Paper short abstract

This paper explores how self-proclaimed middle-class pious women in Turkey working for an MLM company redefine platform labor as a moral pursuit of abundance, navigating a marketized patriarchal bargain within digitized and platformatized MLMs.

Paper long abstract

In the hyperinflationary and polarized landscape of "New Türkiye," digital technologies are re-engineering the domestic fabric of society. This paper examines how pious, middle-class women redefine "good work" as they work for GE International, a Malaysian Multi-Level Marketing (MLM) firm selling Ganoderma fungi-infused products. Drawing on ethnography and 32 in-depth interviews, I trace how these workers negotiate a marketized patriarchal bargain, shifting their pursuit of security from the collapsed male-breadwinner model to the digital market. I conceptualize this space as the "algorithmic berzah", a socio-technical isthmus where digital metrics and Islamic moral economies converge. Through three vignettes, I demonstrate how workers assess productivity and care. First, I analyze "somatic theology," where distributors physically ingest Ganoderma-infused products to become "living testimonials," reframing economic precarity as a physiological blockage. Second, I look at the "re-moralization" of labor; as the company shifts toward AI-generated advertisements, women intervene by adding vernacular prayers and domestic imagery to sterile outputs to sustain kinship trust. Lastly, I examine the member portal of the MLM as a digital Book of Deeds, where platform rankings are phenomenologically reclaimed as measures of spiritual zeal.
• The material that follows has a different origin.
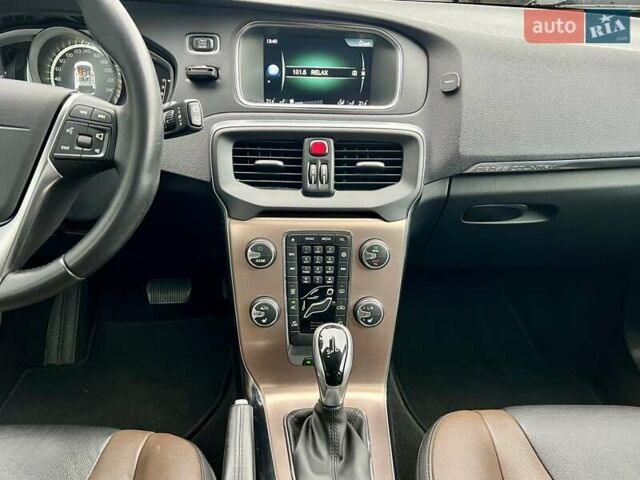 Серый Вольво В40, объемом двигателя 2 л и пробегом 135 тыс. км за 17900 $, фото 52 на Automoto.ua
By focusing on these micro-encounters with digital infrastructure, the paper argues that distributors function as "nodal persons" who transmute the "cold" extraction of the gig economy into a "warm" pursuit of divine abundance. Ultimately, I show how "good", "work", and "good work" are redefined as projects of spiritual self-reform that promise salvation in both this world and the next.

Panel P045
Redefining "good work" in the age of platform, AI, and digitally mediated labour.